**Exercise details:** In the records below, repeat exactly the lines between the line holding "Cheap Hermes Sandal" and the line holding "Teal Check Edit", inclusive, and drop the pictures.

**Material for the task:**
::::::::

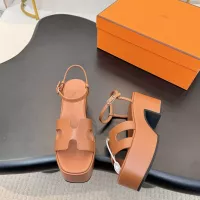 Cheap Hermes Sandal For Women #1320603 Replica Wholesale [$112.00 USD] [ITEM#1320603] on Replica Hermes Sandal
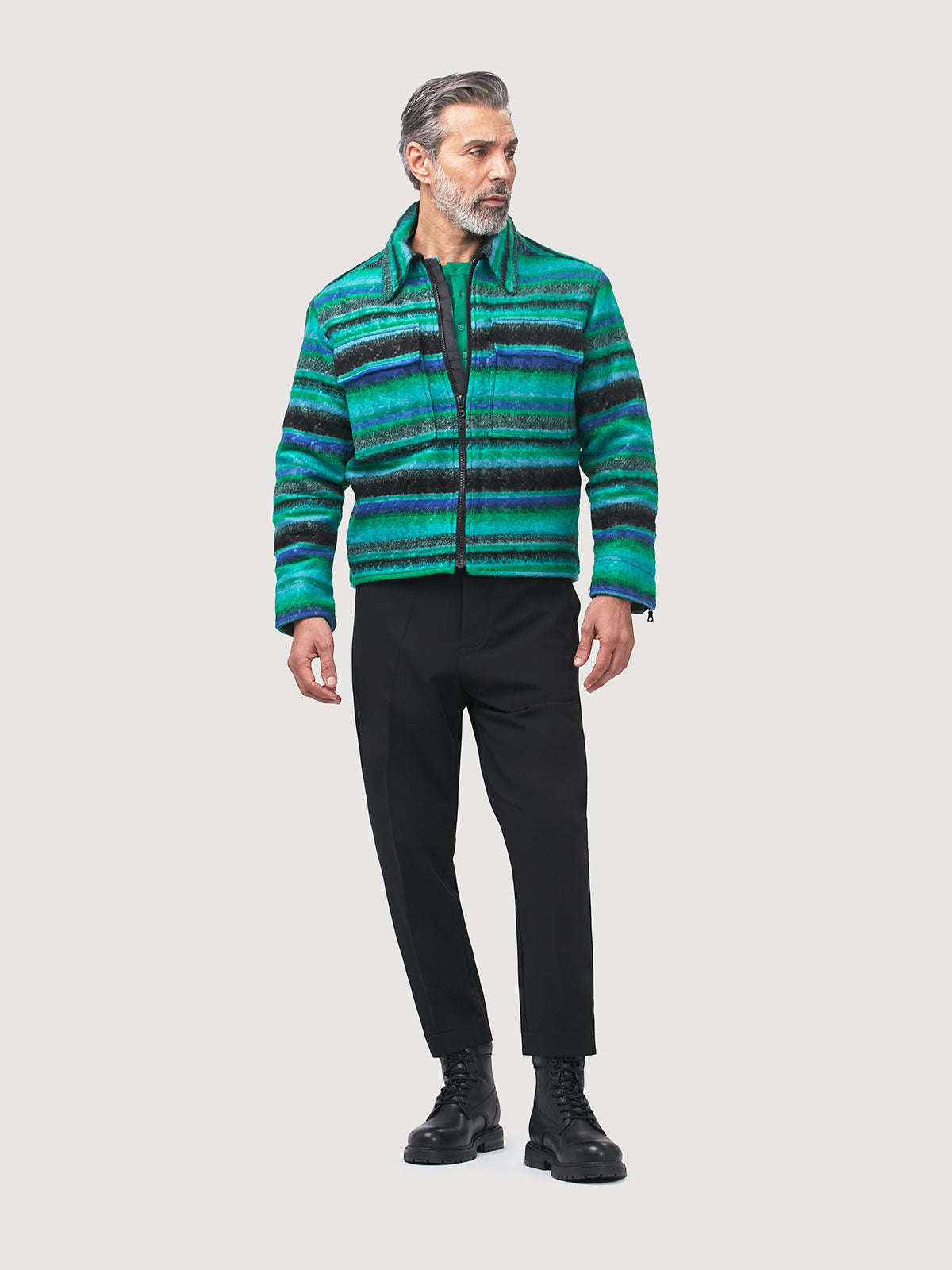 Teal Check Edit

::::::::

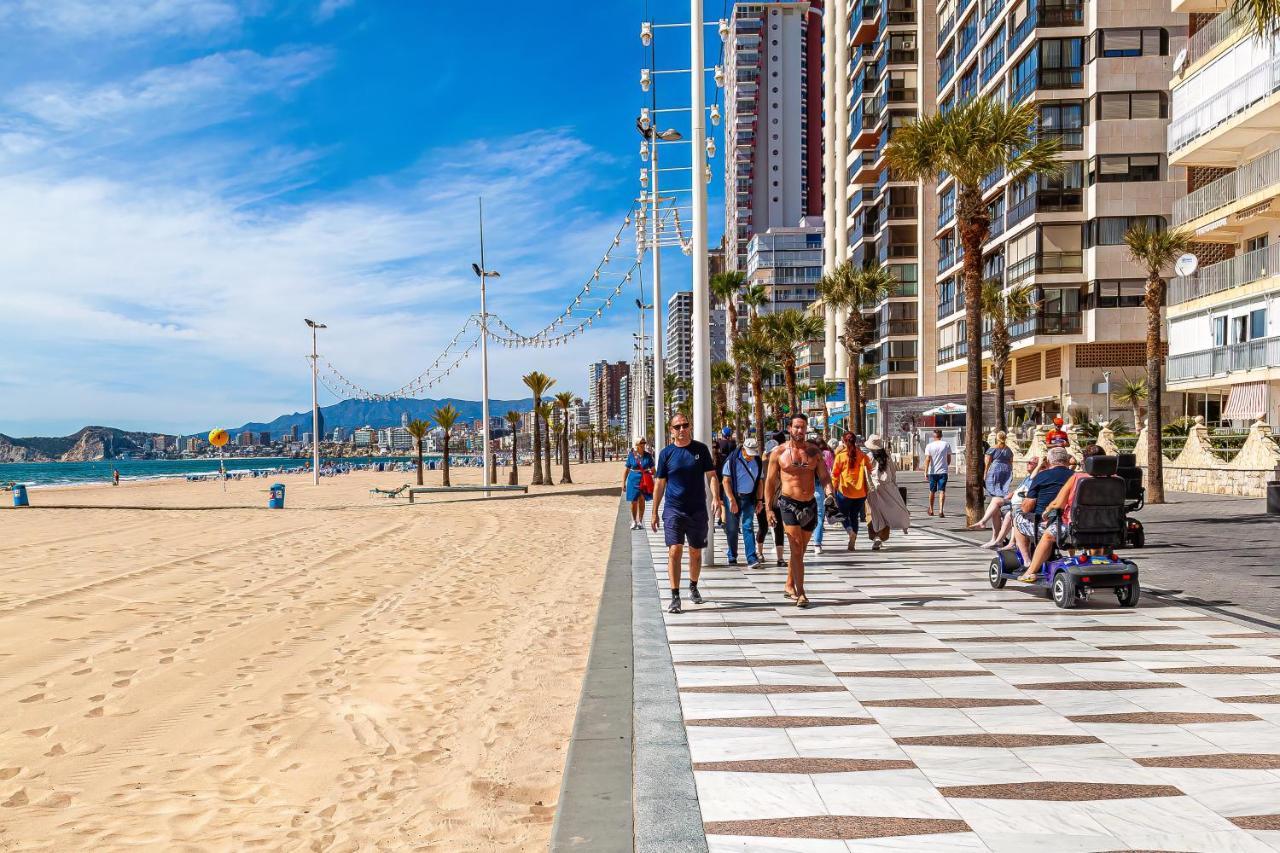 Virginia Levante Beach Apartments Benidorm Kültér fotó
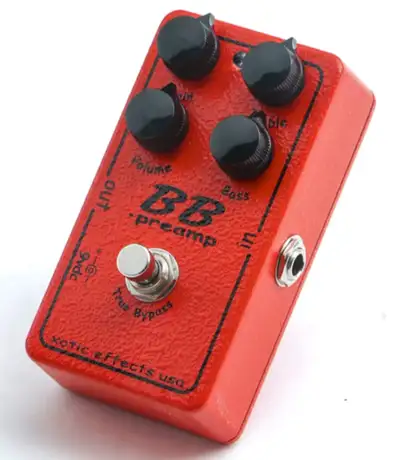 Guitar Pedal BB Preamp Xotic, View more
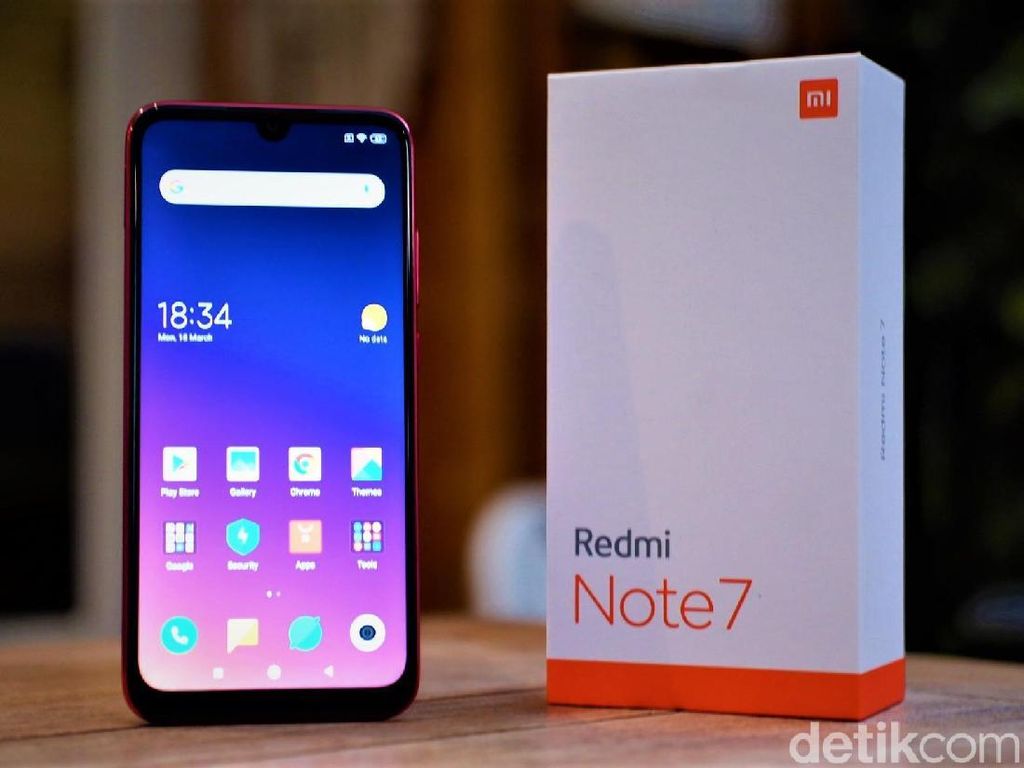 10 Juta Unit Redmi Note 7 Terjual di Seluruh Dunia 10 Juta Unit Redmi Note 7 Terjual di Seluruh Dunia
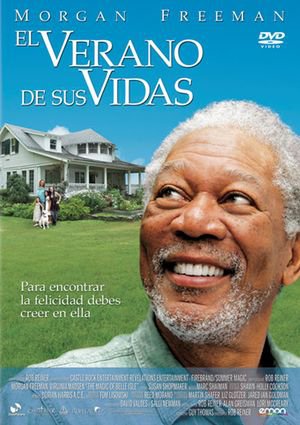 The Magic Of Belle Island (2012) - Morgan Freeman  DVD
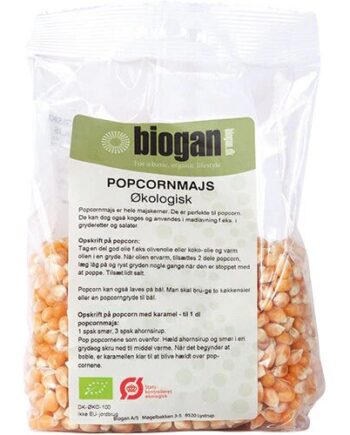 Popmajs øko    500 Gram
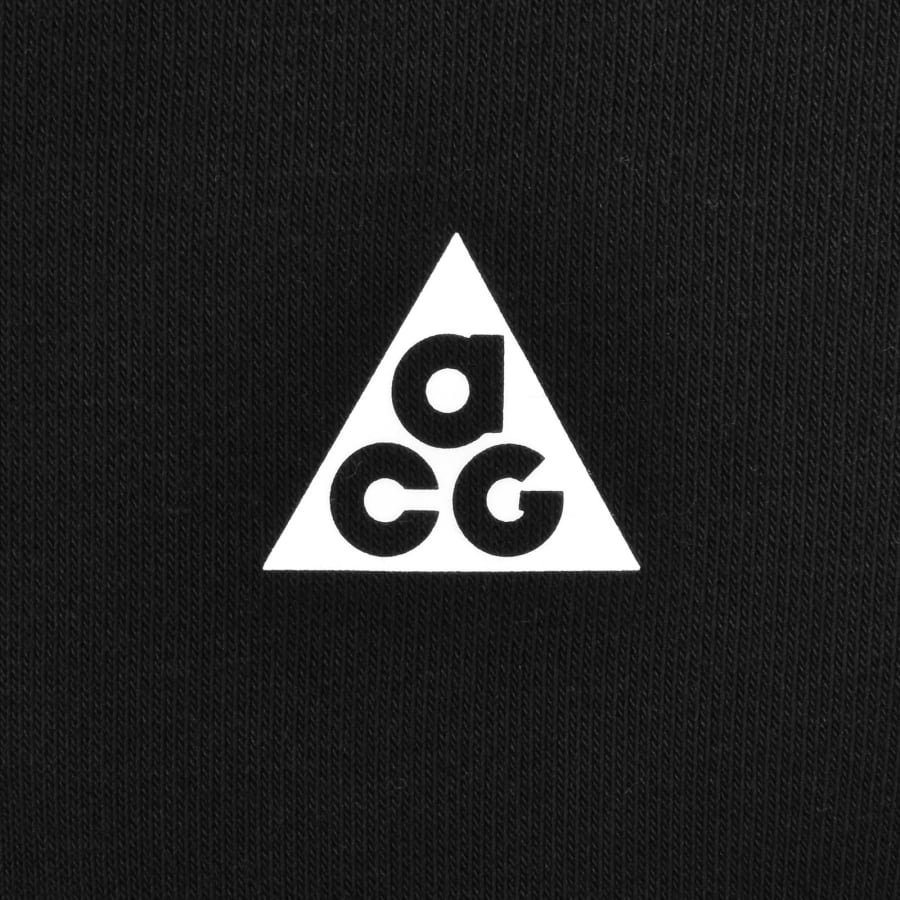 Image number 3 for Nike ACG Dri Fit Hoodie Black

::::::::

**Exercise answer:**
 Cheap Hermes Sandal For Women #1320603 Replica Wholesale [$112.00 USD] [ITEM#1320603] on Replica Hermes Sandal
 Teal Check Edit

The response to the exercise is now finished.